— REQUIRED ACTION —
For the material below, return exactly the lines starting at the line containing "Courtyard Privacy Fence" and ending at the line containing "Single Game Texture.", both ends included, and no others.
START DATA FOR THE TASK
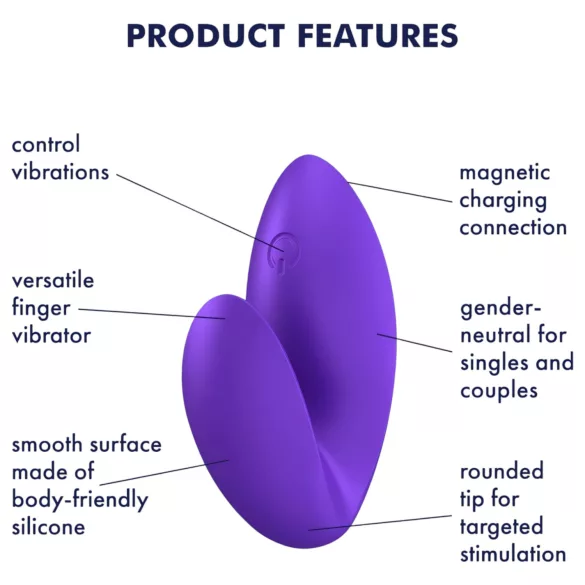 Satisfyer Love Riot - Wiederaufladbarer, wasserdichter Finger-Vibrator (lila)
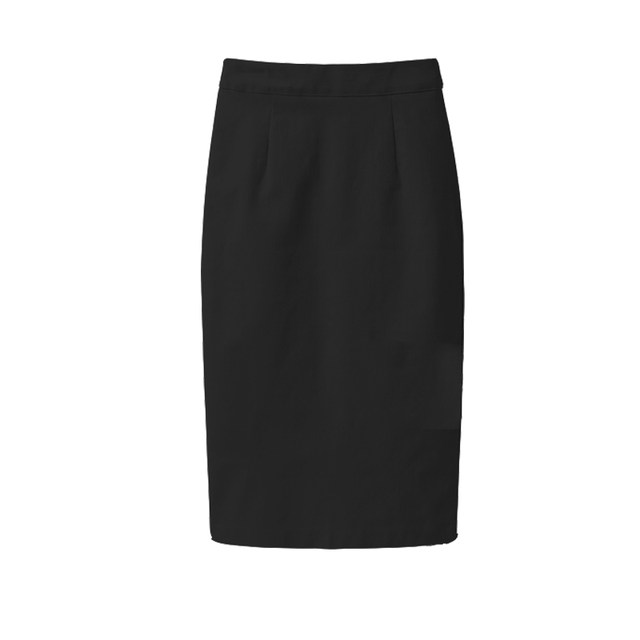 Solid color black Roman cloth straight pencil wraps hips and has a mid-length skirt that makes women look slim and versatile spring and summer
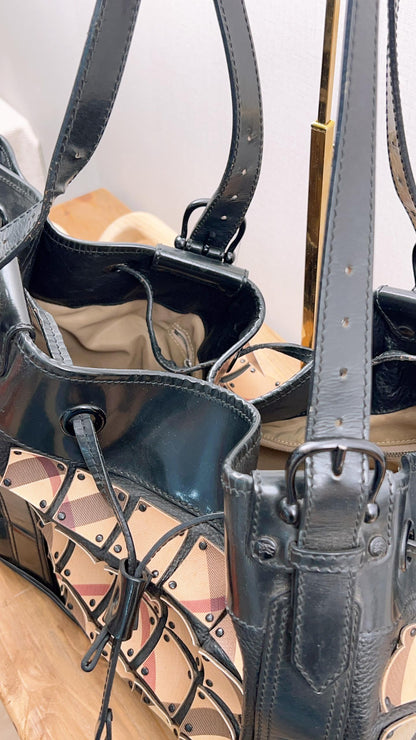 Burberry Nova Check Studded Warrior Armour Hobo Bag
END DATA FOR THE TASK
START DATA FOR THE TASK
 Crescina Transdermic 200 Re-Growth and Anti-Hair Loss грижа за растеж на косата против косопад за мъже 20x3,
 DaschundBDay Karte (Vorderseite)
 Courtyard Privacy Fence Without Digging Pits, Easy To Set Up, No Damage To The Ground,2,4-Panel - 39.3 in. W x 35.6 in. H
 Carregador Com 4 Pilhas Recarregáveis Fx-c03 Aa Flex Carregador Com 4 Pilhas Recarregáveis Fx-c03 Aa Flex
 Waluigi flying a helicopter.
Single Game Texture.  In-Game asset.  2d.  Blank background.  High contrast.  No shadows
END DATA FOR THE TASK
— TASK SOLUTION —
 Courtyard Privacy Fence Without Digging Pits, Easy To Set Up, No Damage To The Ground,2,4-Panel - 39.3 in. W x 35.6 in. H
 Carregador Com 4 Pilhas Recarregáveis Fx-c03 Aa Flex Carregador Com 4 Pilhas Recarregáveis Fx-c03 Aa Flex
 Waluigi flying a helicopter.
Single Game Texture.  In-Game asset.  2d.  Blank background.  High contrast.  No shadows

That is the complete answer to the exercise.